It should be noted that feasts of thanksgiving and harvest celebrations had long been practiced in North America, before the arrival of the Europeans.

Other New World food contributions include blueberries, blackberries, strawberries, grapes, plums, raspberries, walnuts, pecans, sunflower seeds, carrots, cabbage and collards. From Mexico we also acquired tomatoes and avocados, and, from Peru, potatoes, among other good foods. How boring the diet of the Europeans must have been before 1492!

Other foods served at the 1620 feast included duck, goose, rabbit, chicken, venison, fish, shrimp, lobster, clams and oysters. So if you’d like some variety this year, there are lots of “traditional” foods to choose from. 

Native Americans contributed a number of words to our vocabulary: “caribou,” “chipmunk” and “skunk,” for animals the Europeans had never seen; “hammock,” “toboggan” and “moccasin” for new items; “mahogany” for a new tree; “hurricane” for a huge storm that sank many ships; and—happiest of all—“barbecue”!

However, their most notable vocabulary contribution is to U.S. state names.
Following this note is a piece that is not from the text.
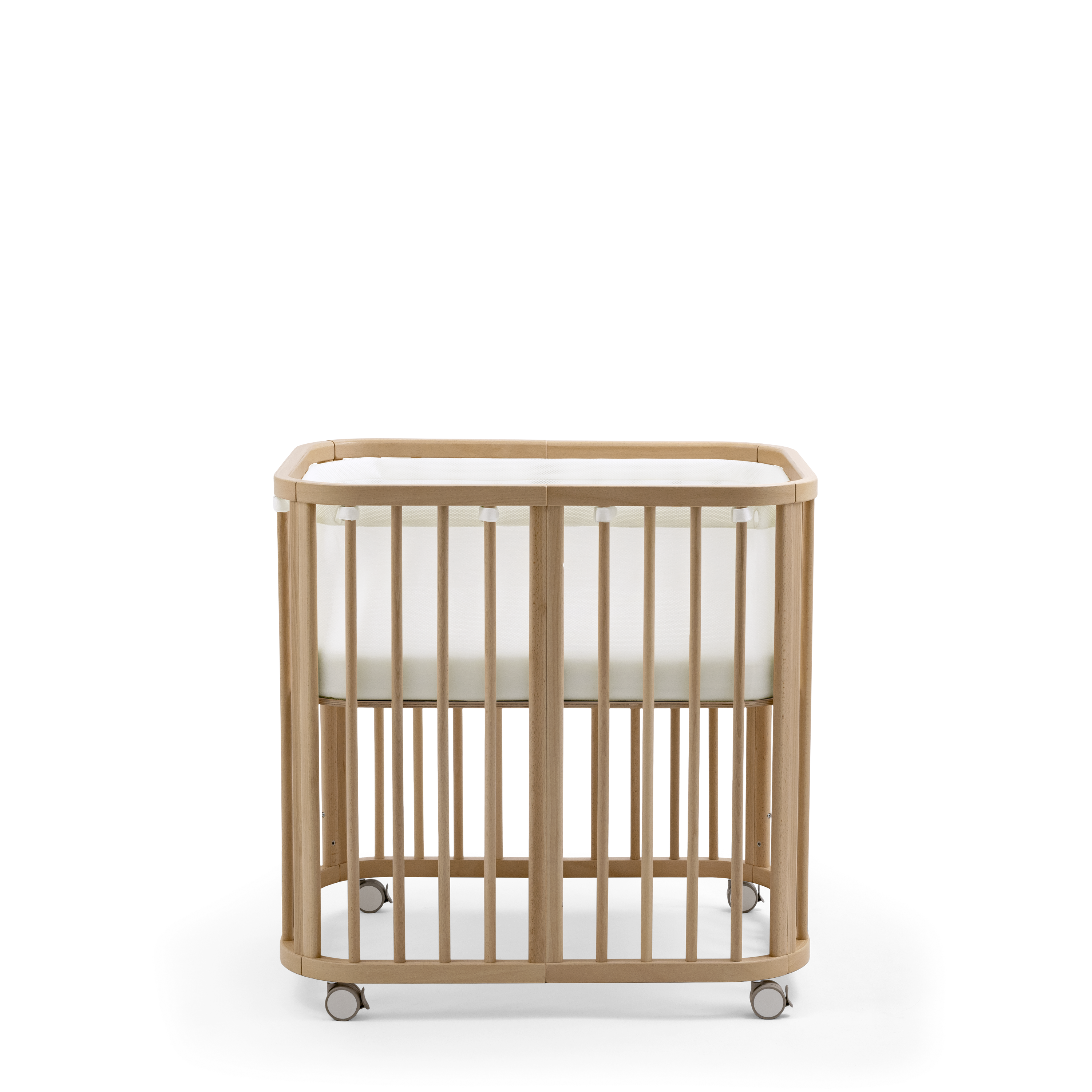 Stokke® Nighti™ Natural. Meshliner Beige. Profile view. galery image 1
Fourteen are of English origin; seven, Spanish; and four, French. The rest are of Native American origin.

We know that Texas’ name derives from the Caddo word for “friend,”—“tay-sha”—which the Spanish thought was their tribal name. English speakers came up with the pronunciation we use.
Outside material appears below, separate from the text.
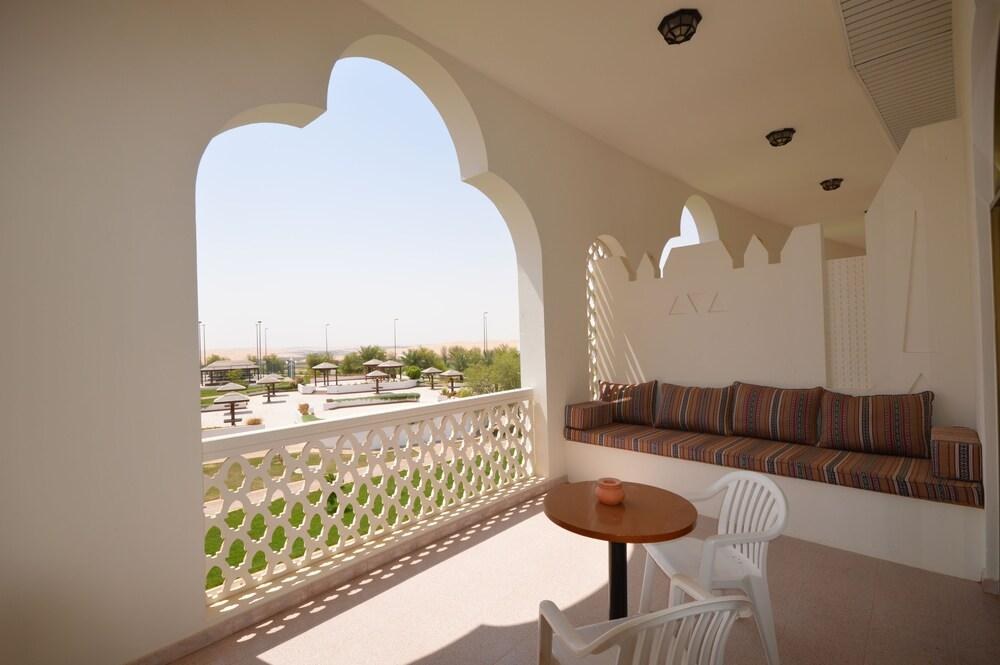 Liwa Hotel photo 3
Two other states’ names also mean “friend”: North and South Dakota. “Dakota” is Sioux for “friend.”

Although most of the original 13 colonies have English names, two are Native American: Connecticut and Massachusetts. The first derives from Algonquin “Quinnehtukqut,” meaning “beside the long tidal river.” “Massachusetts,” meaning “at the great hill,” is the tribal name of the indigenous people in that area.
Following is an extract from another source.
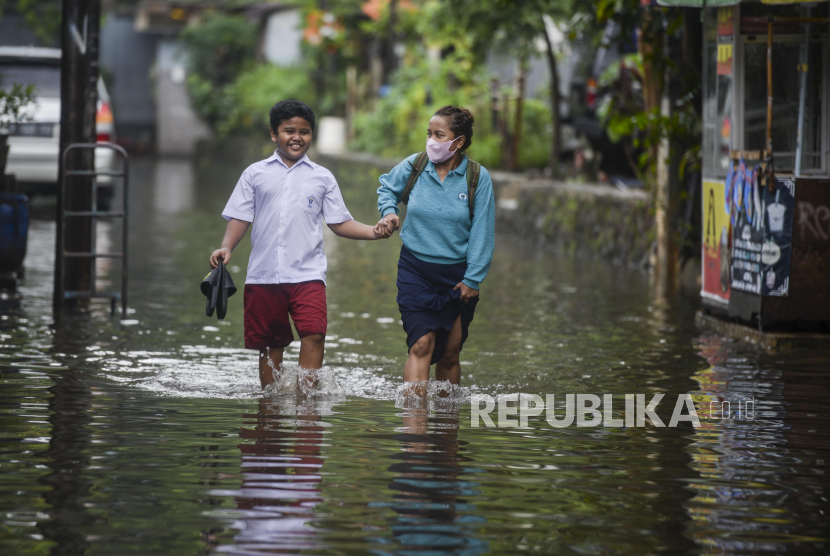 Banjir, ilustrasi. Badan Penanggulangan Bencana Daerah (BPBD) Kota Bandarlampung mencatat empat titik di empat kecamatan terdampak banjir pada Rabu (10/11/2022) saat hujan dengan intensitas tinggi mengguyur kota setempat.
Likewise, Iowa is the name of a Sioux tribe, and Illinois, of the Illini tribe. “Alabama” comes from the Albamaha tribe who lived in that area; it means “plant gatherers.” “Utah” is the Apache name for the Ute people. 

“Oklahoma” is the Choctaw translation of “red people,” combining “ukla”—“person”—and ‘humma”—red.” “Hawaii” is the native Hawaiian name for “homeland.”

Rivers were very important to the Native Americans, and several state names are based on rivers, “Wisconsin” and “Tennessee” being two of them. The former, “Ouisiconsin” is the French version of the Miami Indian name for the river running through that state, and “Tanasi” is Cherokee for the latter’s largest river.

“Ohio” is Iroqouis for “good river,” while “Nebraska”—“Ñí Brásge”—means “flat water” in Omaha, the name of the people who lived in that area. The Ojibwa provided “Misshikama”—“big lake”—for “Michigan,” and the Algonquin, “Misi-ziibi”—“great river”—for “Mississippi.”

But Native Americans did not simply provide names for the majority of our states; according to Benjamin Franklin, the Iroquoian League of Nations provided the model for our federal government, with certain powers given to the central government, and the rest reserved for the individual states.

Perhaps most important, as we worry about the increasing effects of climate change, is the Native American approach to ecology. All the tribes share a deep respect for the land and for life forms, and they continue to demand practices that result in clean air and water.

“Kentucky,” the state where my one Cherokee ancestor that I know of lived, is Iroquois for “land of tomorrow.” With the help of our Native American brothers and sisters, let’s hope we can create a good future.